戸籍制度・結婚制度・保険制度・年金制度・ジェンダー・格差 …モヤモヤ…を考える

金融教育

2017年に改訂された高校の新しい学習指導要領が、今年度から実施され家庭科で「金融教育」がなされる。
どのような内容か、金融庁発行の「基礎から学べる金融ガイド」と「高校生向け金融教育指導教材のダイジェスト版」を閲覧してみた。

金融ガイドの項目
・家計管理
・生活設計
・預貯金
・株式/債権/投資信託
・生命保険/損害保険
・クレジット/ローン
・その他のサービス
・外部知見の活用
・トラブルに注意

高校向けの「金融経済教育指導教材」の項目
・第1章:家計管理とライフプランニング
・第2章:使う
・第3章:備える
・第4章:貯める・増やす
・第5章:借りる
・第6章:金融トラブル
・第7章:まとめ

第1章:家計管理とライフプランニング
「雇用形態による年収の違い」として、正社員と正社員以外の年収のグラフがあった。
40才から59才では、正社員は正社員以外の年収の2倍以上だ。
現実ではあるが、政策のだめさを堂々とのせるなんて、どういうことだろう。
高校生に、経済格差があるのは当たり前だ「勝つか負けるかだ」とでも教育するのか。

第4章「貯める・増やす」 
銀行預金は超低金利で、お金を銀行に預けても増えることは期待できないので「資産形成」のために「投資」という選択肢がある。
金融商品を活用しながら、自分に合った資産形成を行い、将来に向けて準備しましょう」「投資テクニックを教えるものでも、『投資をしましょう』『投資をしなければいけません』などと伝えるものではない………。

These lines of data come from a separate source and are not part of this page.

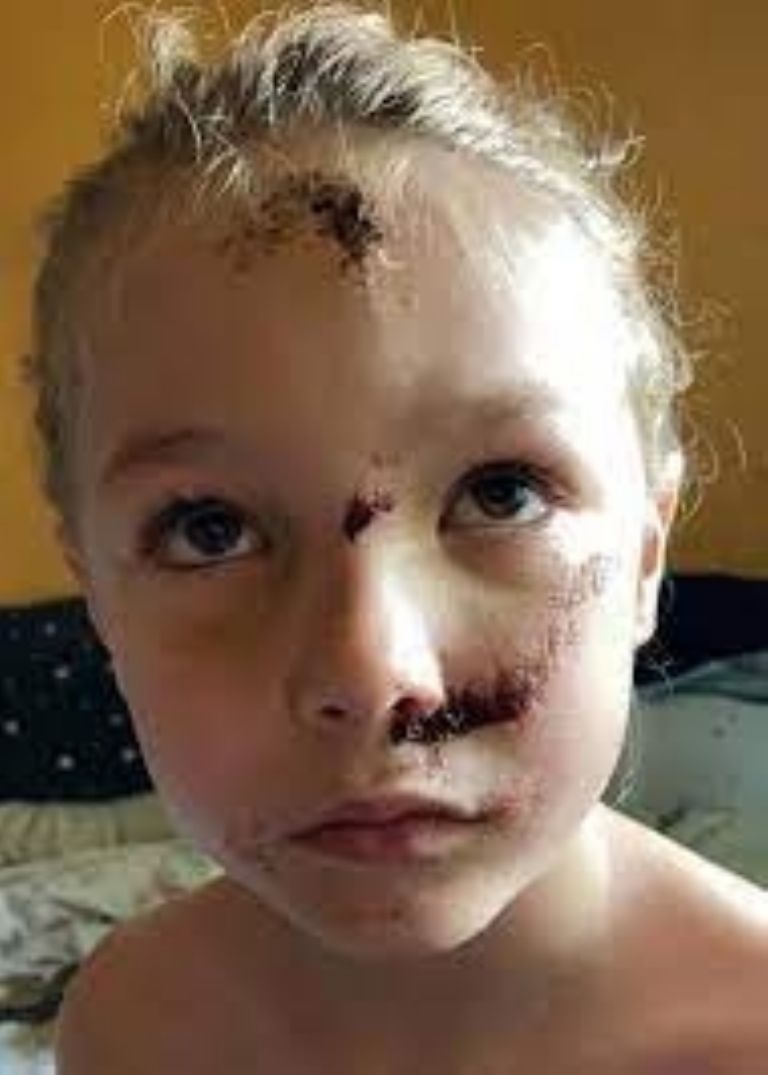 Jamie Smith sobrevivió a un fuerte accidente con un e-scooter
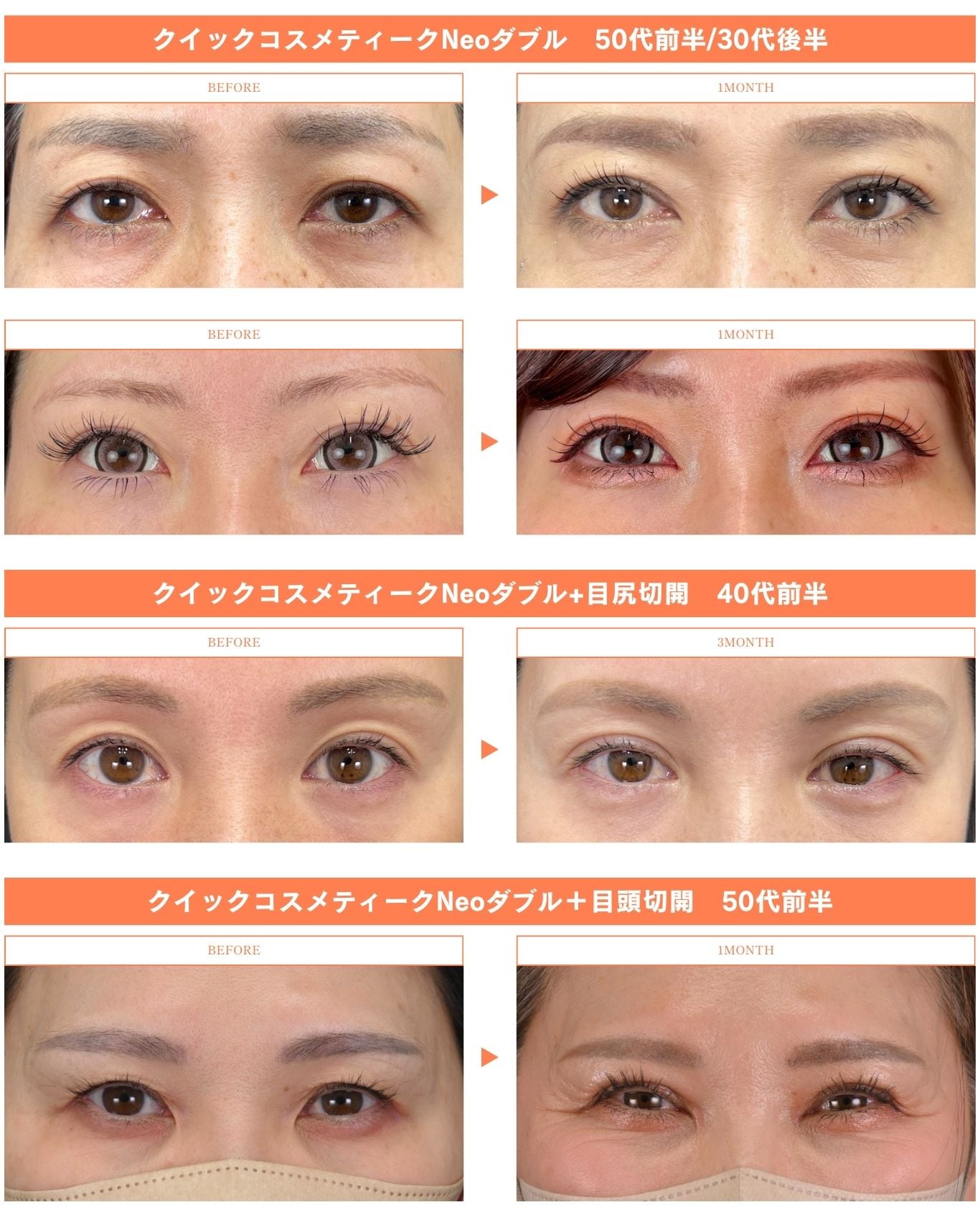 ミドル世代の二重整形症例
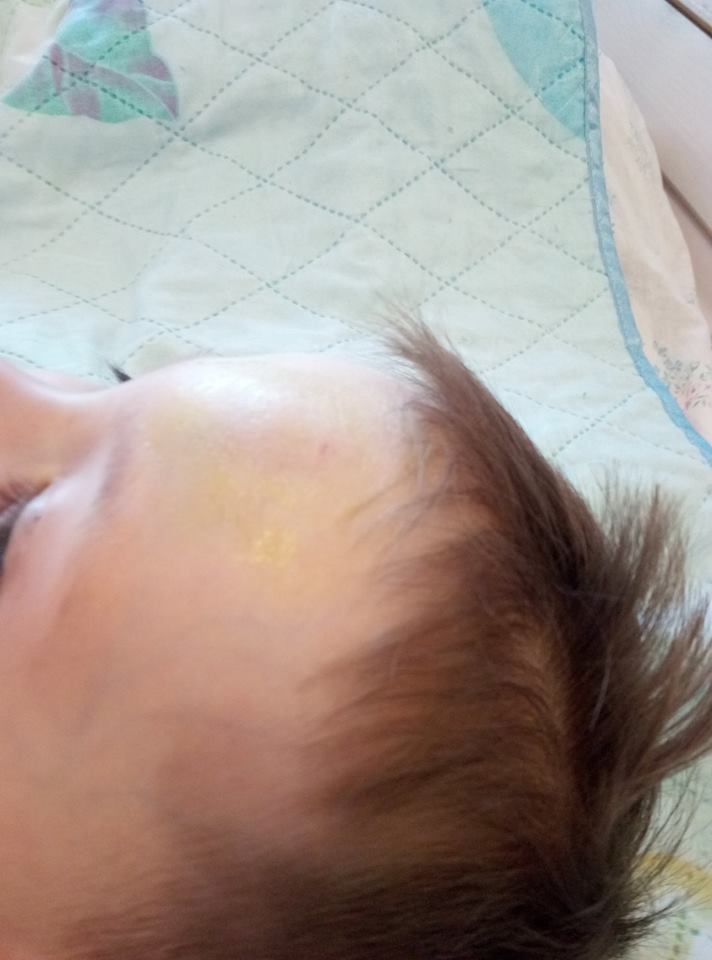 Ребенок в 7 месяцев упал с кровати шишка на лбу
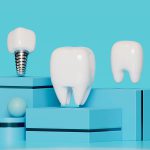 ایمپلنت فوری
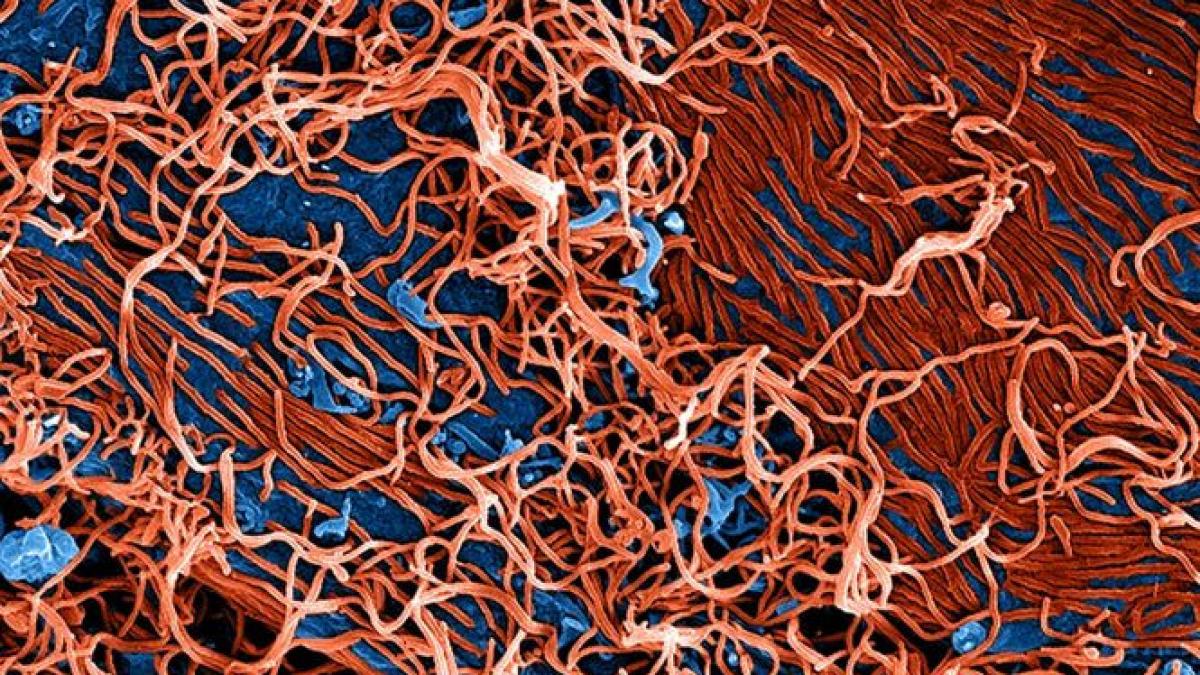 noua metoda pentru detectarea virusului ebola tehnologia permite diagnosticarea in 30 de minute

とある。
ゲーム感覚で始める高校生が出そうで心配だ。老婆心。
「投資」のリスクは説明してある、しかし適正のある人ばかりではない。
賃金の低い「正社員以外」の人は、投資能力も低いかもしれない。
そうすると、格差は益々大きくなるかもしれない。

テレビ番組で「老後資金は年金だけでは不足するから、投資しましょう。」と説明するコメンテーターがいた。
怖くて、リスクのある投資に私の老後は掛けられない。
不安をあおられる感じがする。

金融教育は大切だと思う。
高校は義務教育ではない、収入や家庭の事情で高校に通わない子どももいる。
そのような子どもにも、社会に出る前に是非「金融教育」をしていただきたい。

ただ、「金融教育」の前に社会の仕組みを学ぶことの方が大切だとも思う。
将来困らないように「金融教育」は大切だが、今困っていることを解決するための社会の仕組みを教えてほしい。
世の中の仕組みを知ることで、自分を守り健やかに生きる方法を教育として教えてほしい。
何よりも、社会を身近に感じ、政治に興味を持ち、18才から投票に行くには「政治教育」が必要。